This year has already proven to be a game-changer in the next generation performance for artificial intelligence, as the race continues to solve the challenges of scalable deep learning. Most popular deep learning frameworks today can scale to multiple GPUs in a server, but its difficult with multiple servers with GPUs.
This is challenge in particular is where Mellanox has been the clear leader as the only interconnect solution able to deliver the needed performance and offload capabilities to unlock the power of scalable AI.

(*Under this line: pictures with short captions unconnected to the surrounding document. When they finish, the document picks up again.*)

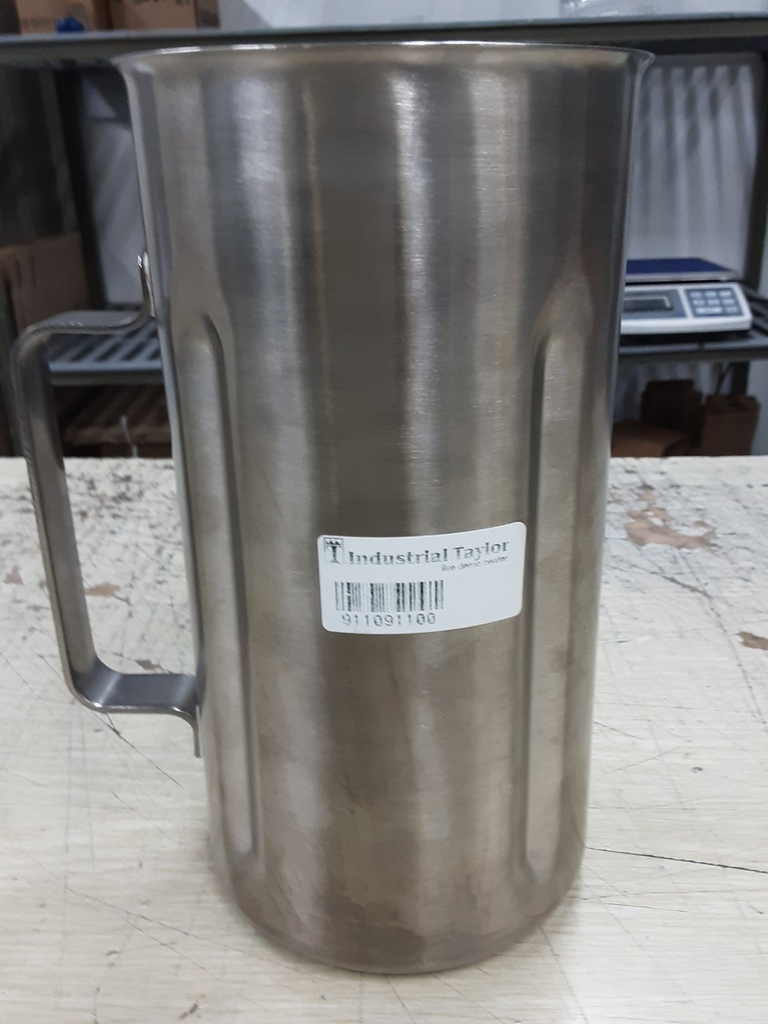 All 911 (incl. 230v model) - stainless steel container Hamilton Beach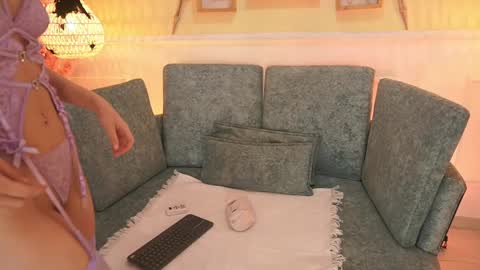 Loona Nyx online show from October 6, 11:38 am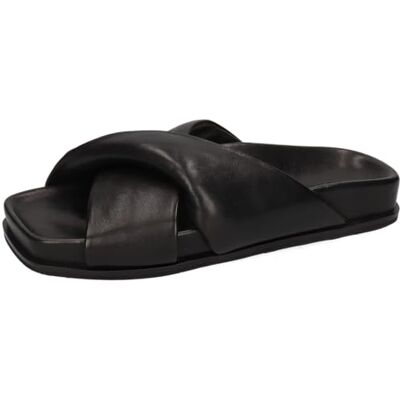 Melvin & Hamilton Amara 9 Damsandaler, Svart, 39 EU, Svart, 39 EU Melvin & Hamilton Amara 9 Damsandaler, Svart, 39 EU, Svart, 39 EU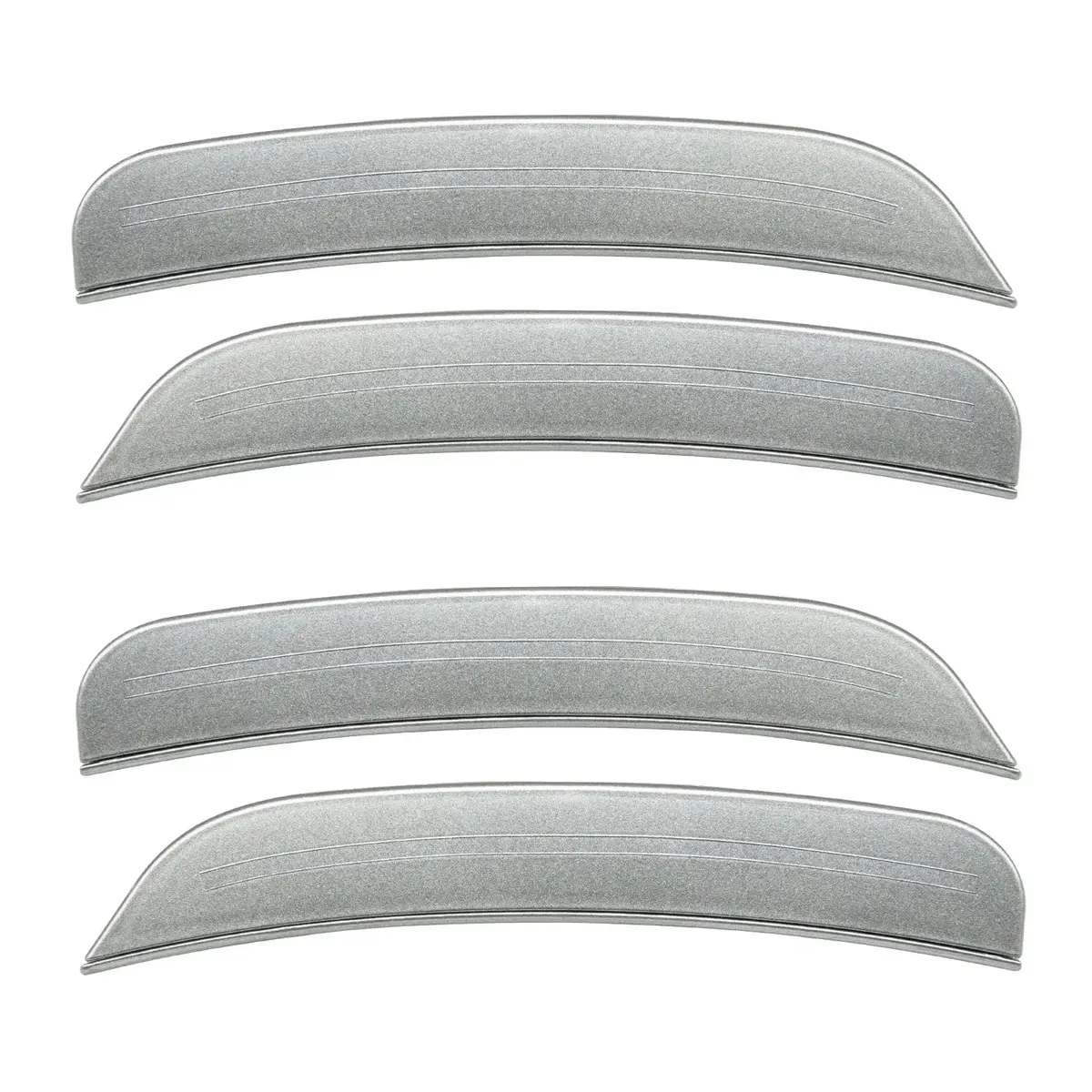 9880-020 - 2015-2018 Dodge Charger ORACLE Concept Sidemarker Set - Tinted - No Paint product image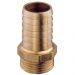 Letkuruuvike 1/2' x 14 mm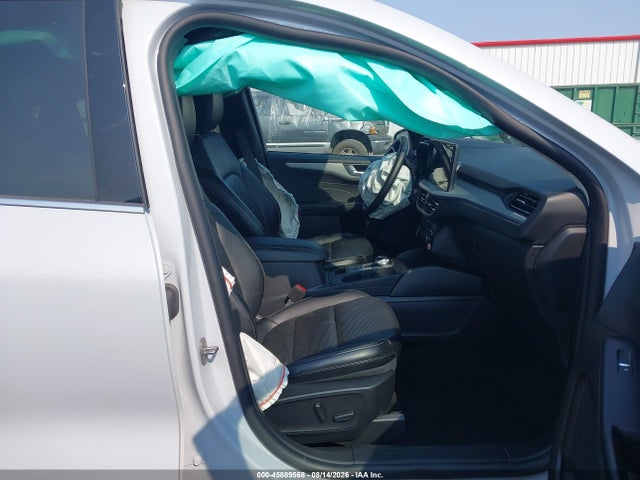 Ford Escape Platinum 2025 1FMCU9JA0SUB24628 Image 5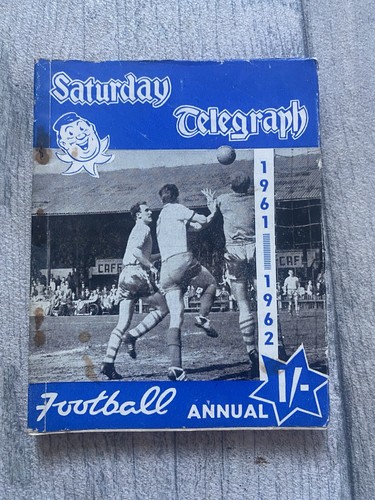 1961 saturday telegraph - 62,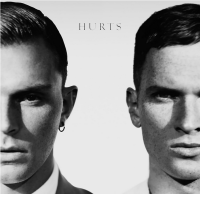 Hurts Happiness Vinyl Hurts Happiness Vinyl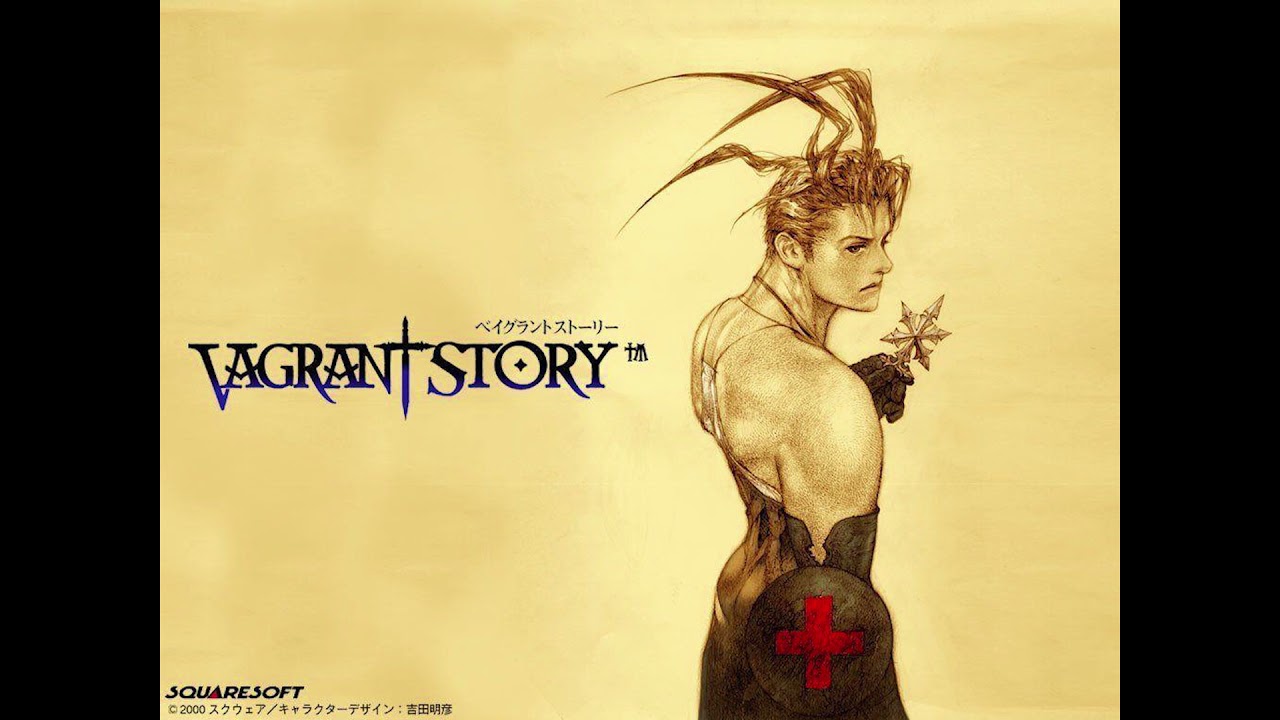 Remembrance (Extended) - Vagrant Story OST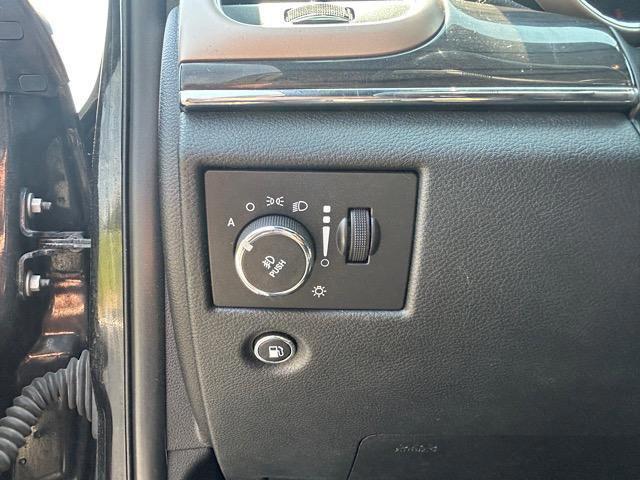 used 2015 Jeep Grand Cherokee car, priced at $9,500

IBM Research just announced their amazing achievement in unprecedented performance and close to ideal scaling with new distributed deep learning software which achieved record communication overhead and 95% scaling efficiency on the Caffe deep learning framework with Mellanox InfiniBand and over 256 NVIDIA GPUs in 64 IBM Power systems.
With the IBM DDL (Distributed Deep Learning) library, it took just 7 hours to train ImageNet-22K using ResNet-101. From 16 days down to 7 hours changes the workflow of data scientists.
You can read more at the IBM blogs : https://www.ibm.com/blogs/research/2017/08/distributed-deep-learning/ and https://www.ibm.com/blogs/systems/scaling-tensorflow-and-caffe-to-256-gpus/
And download the whitepaper here : https://arxiv.org/abs/1708.02188
A technical preview of this IBM Research Distributed Deep Learning code is available today in IBM PowerAI 4.0 distribution for TensorFlow and Caffe.